As COVID-19 lockdowns continue, more young people are looking for ways out of China
Shanghai resident Yann Zhang has been searching for a way out of China for months.
“I can’t see when these pandemic measures based on the ‘COVID-zero’ concept will stop and feel scared and anxious every day,” the 29-year-old told the ABC.
“Society is feeling increasingly strained. The censorship has been intensified, with [social media] posts being taken down and accounts being blocked very often.
“It’s all eroding young people’s faith in a better future.
Mr Zhang is one of a growing number of young Chinese unhappy with the country’s direction and looking for a way out.
Online the movement has been labelled “run xue”, or “run philosophy”.
“My neighbours have also started chatting about run philosophy. Everyone wishes to flee,” one Weibo user said.
“It’s no surprise run philosophy is so popular,” said another.
“At the very least, those in other countries can leave like a normal human.”
Two Australian migration agents told the ABC the number of inquiries from Chinese clients had more than doubled since April, with the majority coming from Shanghai.
Kirk Yan, a migration agent based in Melbourne, said he was receiving “between 200 and 300 migration inquiries from China” per month.
This time last year he was getting about 100 per month.
“One-third of them are from Shanghai, followed by Beijing and Shenzhen,” Mr Yan said.
“Quite a few of them are skilled migrants aged between 25 and 35 who don’t have families,” he said, adding that many were technology professionals.
Mr Zhang said he wanted to move to a country that was more liveable and easier to obtain residency in, and Australia fit the bill.
However, he said he was worried China was making it harder for citizens to leave the country.
A spokesperson from China’s National Immigration Bureau this week warned individuals to avoid “non-essential” and “non-emergency” travel because international travel still carried “high risk and uncertainty”.
The government has also said it would continue to “tighten the approval and issuance of travel documents”, including passports.
Mr Zhang said he was anxious because his passport was due to expire in a year.
“My current plan is to leave next year so I’ve got a year to prepare,” he said.
Losing young talent ‘biggest threat’ to China’s economic future
Shanghai has been under varying levels of restrictions, including total lockdown, since late March.
While local authorities said earlier this month that restrictions in some areas would be relaxed, residents were still required to stay in their districts and could only travel for grocery shopping or medical services.
Meanwhile in Beijing, six of the most populous districts have been asked to work from home, and restaurants have closed dine-in services to limit the spread of an outbreak there.
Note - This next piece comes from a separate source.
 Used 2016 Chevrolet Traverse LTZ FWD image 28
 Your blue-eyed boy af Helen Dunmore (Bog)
A spokesperson from China’s National Health Commission said to “detect potential risks earlier”, the government planned to build more test stations in China’s major cities so everyone had one “within a 15-minute walk”.
The authority also plans to build more quarantine facilities across the country, sparking speculation on social media that the COVID-zero approach was not ending anytime soon.
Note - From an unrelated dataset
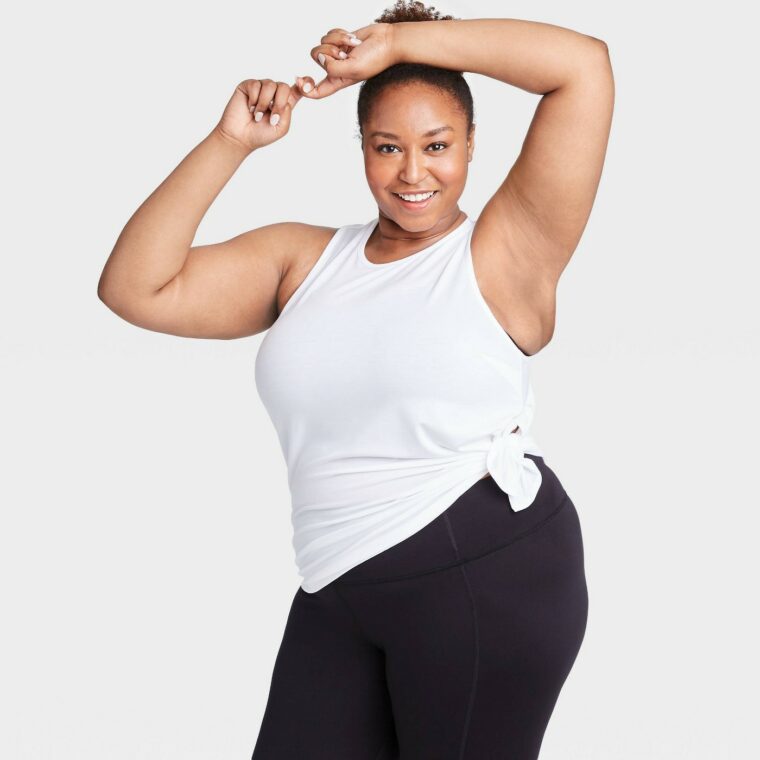 Target's New Active Wear Collection, ALL IN MOTION Includes Plus!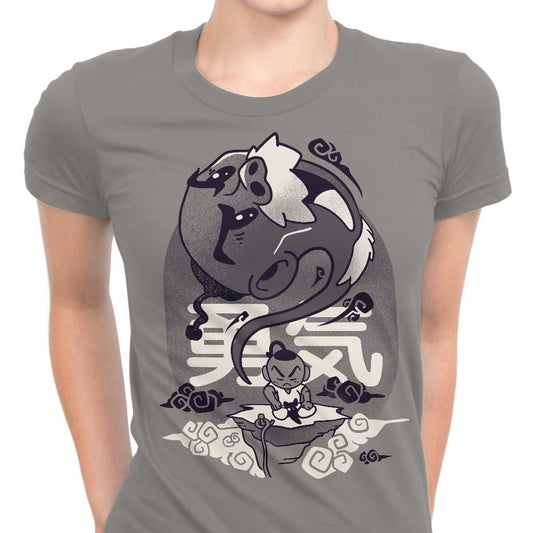 Facing the Challenge - Women's Apparel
The lockdown in Shanghai, one of China’s most important economic hubs, appears to be having a significant impact on the national economy.
State media outlet Guancha reported earlier this month that only 23.1 per cent of 10 million recent college graduates had found jobs.
That compares to a rate of more than 90 per cent in 2020, according to data from the Ministry of Education.
Meanwhile, the National Bureau of Statistics this month reported an 11.1 per cent drop in retail sales compared to a year ago.
Shi Heling from Monash University’s Department of Economics said many Chinese were “struggling with their basic needs for living”.
“The COVID-zero policy is a very big blow to the Chinese economy,” he said.
Dr Shi said losing such talent was “the biggest threat to China’s long-term economic development”.
Chinese President Xi Jinping has made it clear the country will maintain the COVID-zero policy and “resolutely fight against all distortions, doubts, and denials”.
But Dr Shi said continuing to isolate itself from the rest of the world would likely provoke even more anger in Chinese society.
“I believe the Chinese government should also take this into account,” he said.
“Otherwise, it will result in a series of social issues.”
How might an exodus from China affect Australia?
With Australian workers enjoying historically low unemployment, China’s loss could be beneficial for Australia’s economy, according to Dr Shi.
Unemployment, at 3.9 per cent, is the lowest in Australia since 1974.
“From Australia’s perspective, there is a significant labour shortage, and the biggest challenge for people running businesses is that they can’t find staff,” Dr Shi said.
“Therefore, this inflow of Chinese migrants will undoubtedly bring some new workers into the Australian labour market, which will be very helpful to the Australian economy.”
One of the Australian employers struggling to find workers is John McVicker, the owner of Sydney IT engineering company Best Technology Service.
Mr McVicker said that in the 20 years he’s been in business, he’s never found it so hard to find workers.
“It is becoming increasingly difficult to source experienced IT professionals.”
He said more skilled migrants would “definitely help”.
“It was the shortage in skilled migration during COVID that in my view has created, or at the very least, exacerbated this situation,” he said.